* _Task directions_
Go through the listing below and write out exactly the lines from the one that mentions "hilo tomula トムラ" through the one that mentions "Eveline Lip Therapy", minus the pictures.
══ Data for review ══
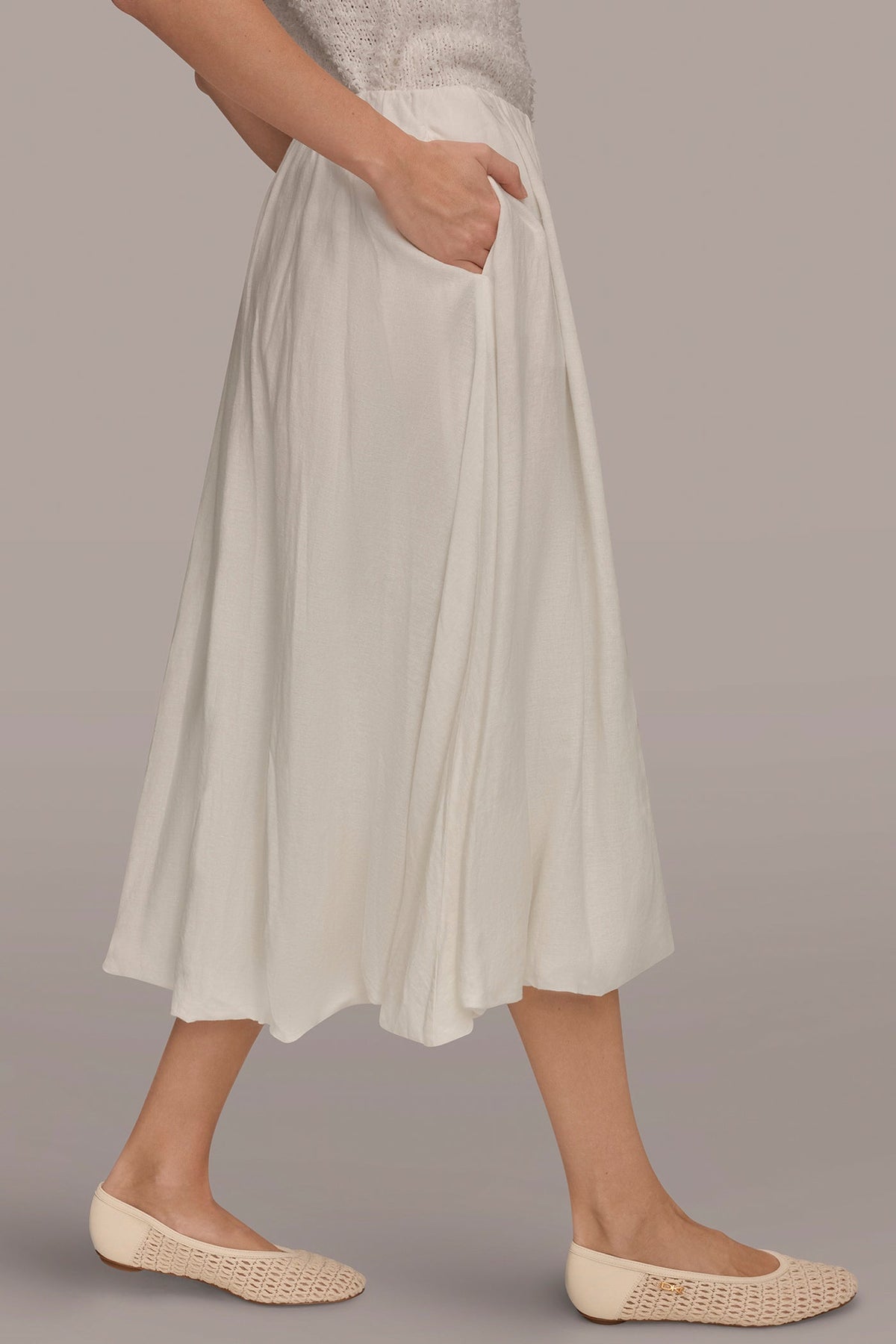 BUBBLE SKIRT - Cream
═══
══ Data for review ══
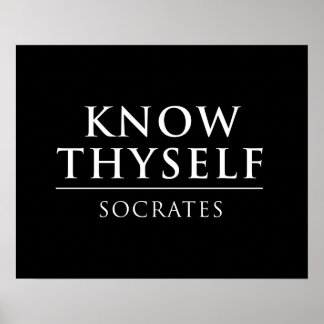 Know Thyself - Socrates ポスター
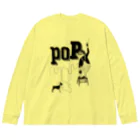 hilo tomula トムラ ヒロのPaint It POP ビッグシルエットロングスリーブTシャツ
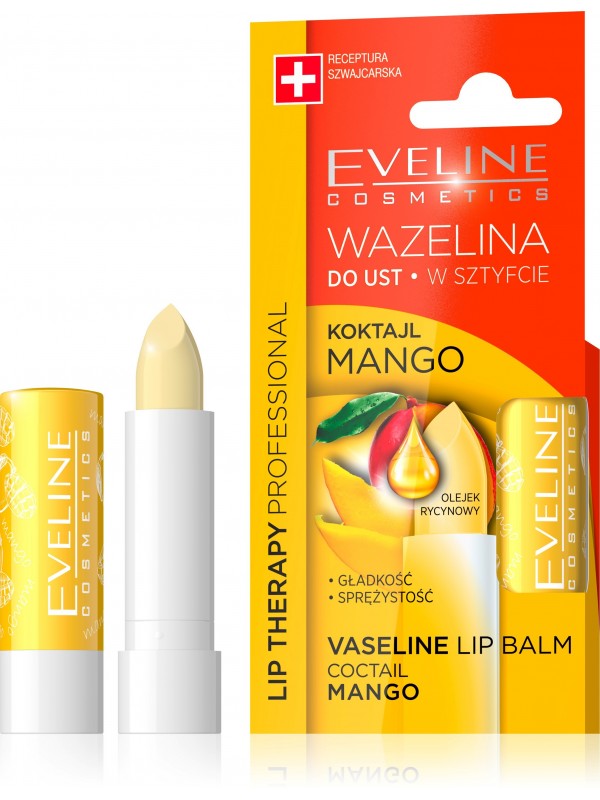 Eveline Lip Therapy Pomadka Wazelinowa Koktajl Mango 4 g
═══
══ Data for review ══
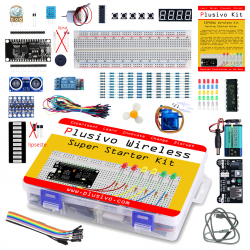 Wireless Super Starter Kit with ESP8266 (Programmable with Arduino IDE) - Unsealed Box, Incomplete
═══
* _Result of the task_
 hilo tomula トムラ ヒロのPaint It POP ビッグシルエットロングスリーブTシャツ
 Eveline Lip Therapy Pomadka Wazelinowa Koktajl Mango 4 g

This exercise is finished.